Plongée au sein des filières de fuite de l’Europe par les nazis.
Je ne connais pas l’auteur, Gerald Steinacher, dont c’est le premier ouvrage traduit en français.
« Les nazis en fuite » est le résultat de ses travaux de recherche universitaire consacrés aux crimes de guerre durant la seconde guerre mondiale. Il s’agit incontestablement d’un travail en profondeur appuyé par des notes abondantes et une bibliographie très dense.
L’auteur expose par le détail les lignes de fuite, les différentes étapes, les pays d’exfiltration, le rôle central joué par le Tyrol du sud (province germanophone devenue italienne durant l’entre deux-guerres) mais aussi par des organisations humanitaires ou étatiques: CICR (Croix Rouge), l’Eglise Romaine et le Vatican, les services de renseignements occidentaux et en particulier américains. Il appuie ses démonstrations sur des exemples connus (Eichmann, Mengele, Priebke, Barbie, Rudel, Nicolussi-Leck) mais aussi sur de nombreux cas moins connus.
Je suis sorti de cet ouvrage avec quelques certitudes:
- L’immédiat après-guerre se caractérise par des millions de réfugiés: populations déplacées par les combats, prisonniers de guerre, personnes déplacées et apatrides postérieurement à la guerre. Beaucoup rentrèrent dans leur pays d’origine quoique le début de la guerre froide freina les ardeurs pour ce qui est des pays de l’est. Au milieu de ces flux aux volumes impressionnants, certains décidèrent de tenter leur vie vers d’autres cieux: Amérique du Nord, Amérique Centrale et du Sud, Proche-Orient. Les états sur lesquels stationnaient et transitaient ces réfugiés souhaitant résoudre le problème au plus vite, les précédures de contrôle furent allégées et, de manière surprenante, souvent confiées à des structures non étatiques comme le CICR en Italie par exemple.
- Le début de la guerre froide fit changer le prisme de lecture d’instances comme le Vatican ou les nations anglo-saxonnes quant aux nazis et aux criminels de guerre: la lutte contre le communisme l’emporta largement sur la punition des crimes de guerres et les facteurs moraux. De même, les nations qui n’avaient pas vécu la guerre, comme les pays d’Amérique du Sud, virent l’opportunité de capter des personnels et techniciens pour le commerce, les industries et leurs forces armées. Les services de renseignement, quant à eux, virent l’intérêt de collaborer avec des réseaux expérimentés en termes de renseignement et contre-renseignement, particulièrement en Allemagne, en Europe Centrale ou du Sud. Bref, les ennemis d’hier devenaient plus fréquentables, leur anti-communisme étant patent.

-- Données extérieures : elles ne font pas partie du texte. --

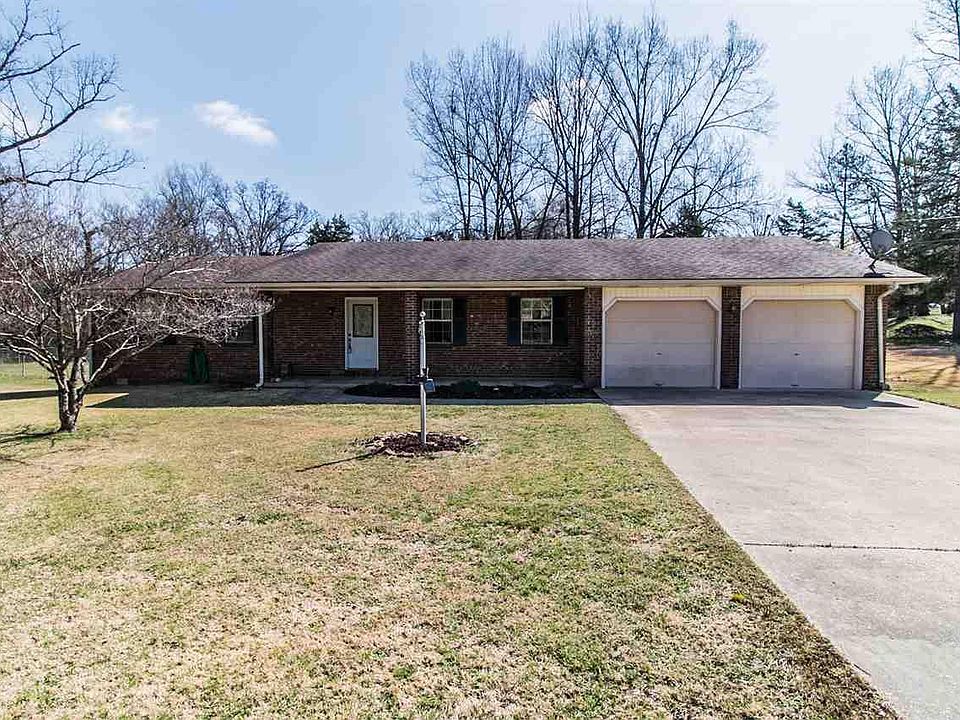 1st image of 2622 Fox Dr
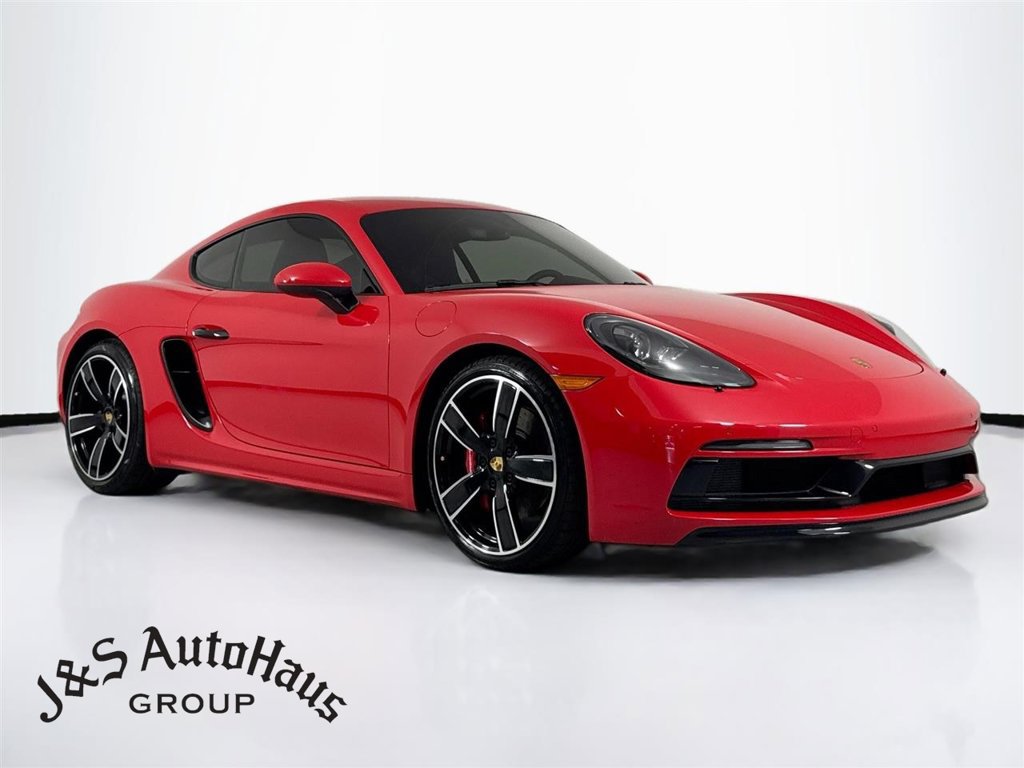 Used 2025 Porsche 718 Cayman GTS RWD image 1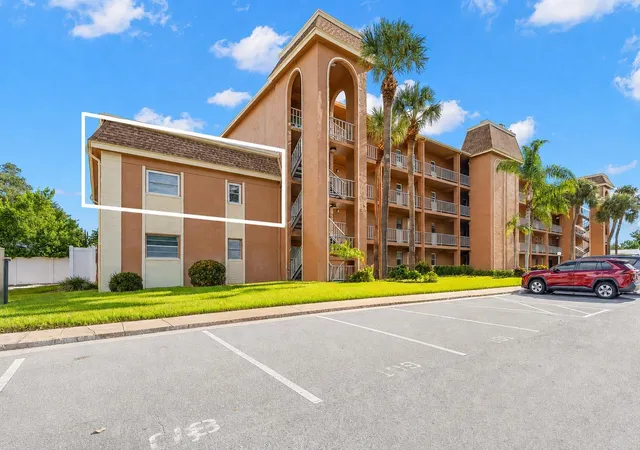 Photo 2 of Condo for sale at 12760 Indian Rocks Rd #107, Largo, FL 33774 | MLS# TB8541151 | Listing updated on 2026-10-07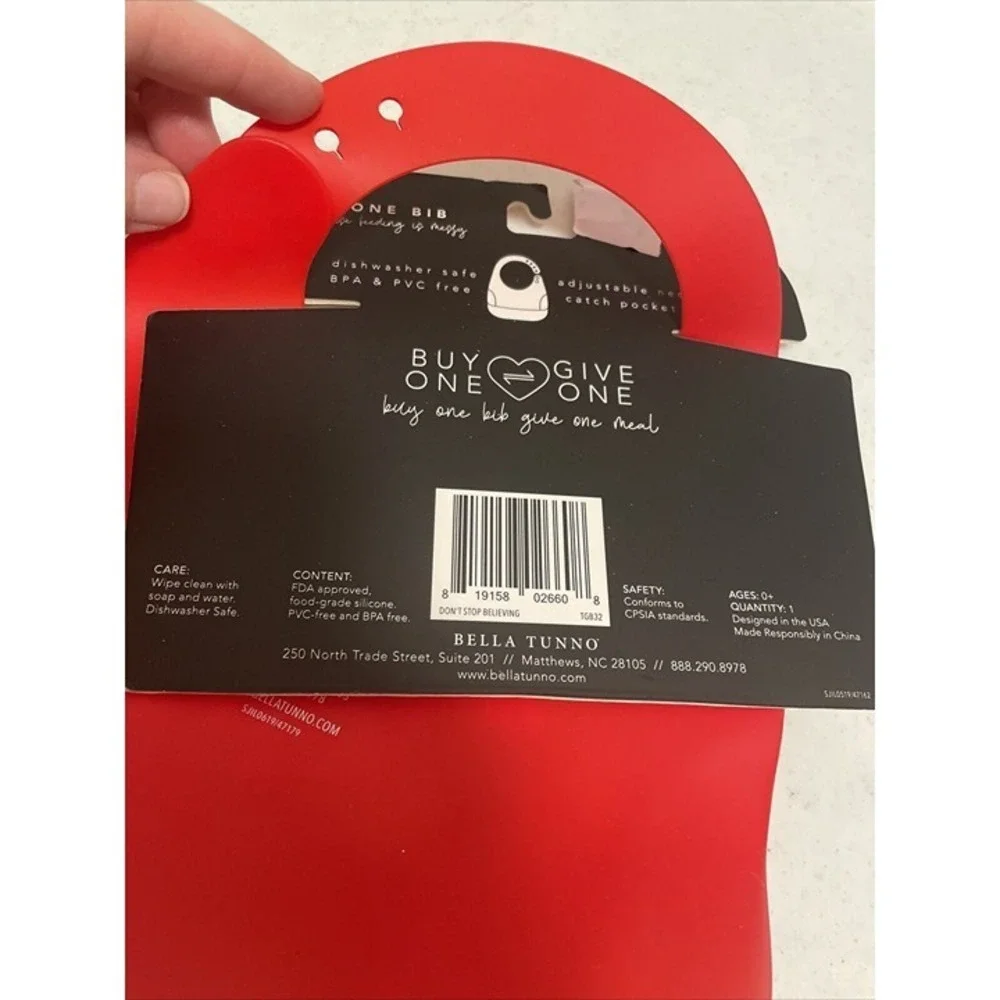 Tunno Tots Red‎ Silicone Don't Stop Believing Santa Christmas Catch Pocket Bib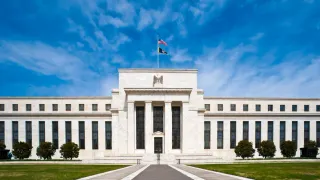 توقعات متشددة للفيدرالي الأمريكي..خبراء يستبعدون بدء دورة خفض الفائدة بوول ستريت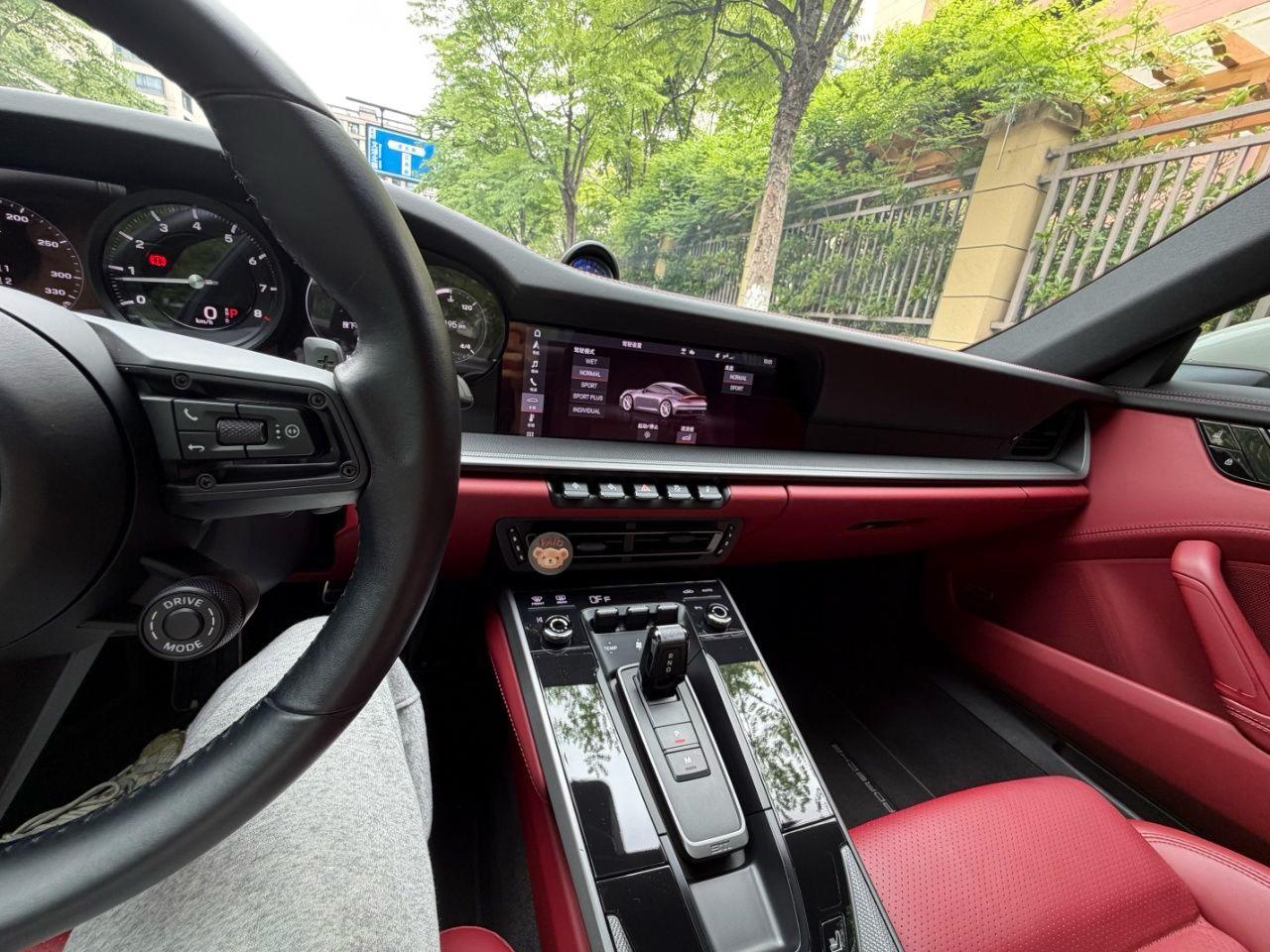 Porsche 911 2020 thumb 7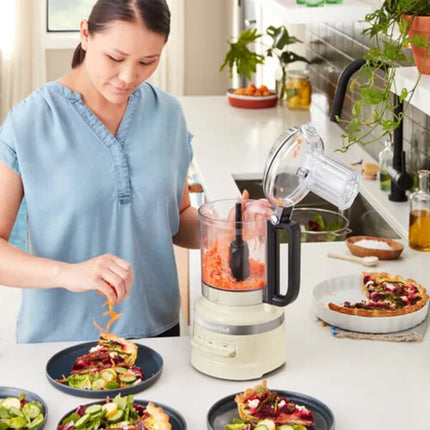 KitchenAid Πολυκόπτης Τροφίμων 2,1L με Πιεστήρα Τροφίμων, 3 Ταχύτητες και 2σε1 Σωλήνα Τροφοδοσίας 5KFP0921BAC Almond Cream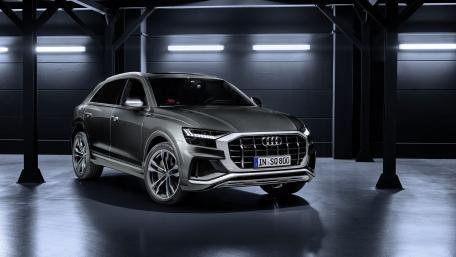 Sleek and Powerful Audi Q8 Wallpaper wallpaper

- Enfin, il y eut aussi la propension des nations à passer à autre chose, à oublier la guerre face aux enjeux de la reconstruction ou de la guerre froide. L’auteur met particulièrement en lumière ce besoin d’oubli jusqu’à une période récente où les facteurs moraux ont repris le dessus mais bien trop tard pour aller rechercher des acteurs décédés entretemps pour la plupart.
Bref, aux impératifs moraux se substitua rapidement une approche pragmatique du problème: lutte contre le communisme, réseaux de renseignement, acquisition de savoir-faire et de technologies (on se souvient de Werner von Braun à la NASA).
Au final, cet ouvrage est parfait pour faire le point sur un sujet plutôt méconnu et parfois romancé comme avec le « dossier Odessa« . J’ai cependant une critique majeure: la lecture du texte m’a été particulièrement pénible, j’ai trouvé que l’ouvrage manquait de construction claire avec des redondances régulières sur des poins déjà abordés, une approche très « micro » pour argumenter sur des thèses générales, un manque de données chiffrées, de contextualisation. En fait, c’est la conclusion que je trouve finalement le plus fluide.
Il eut été intéressant également de croiser plus clairement le sujet avec les efforts faits par les nations et les peuples qui avaient subi l’invasion et la répression nazie pour retrouver et condamner les criminels de guerre (on se souvient particulièrement de la traque d’Adolf Eichmann par le Mossad israélien largement médiatisée).
Les nazis sont en fuite. Gerald Steinacher. Aux éditions Perrin en février 2015. 462 pages. Avec notes abondantes, bibliographie et index.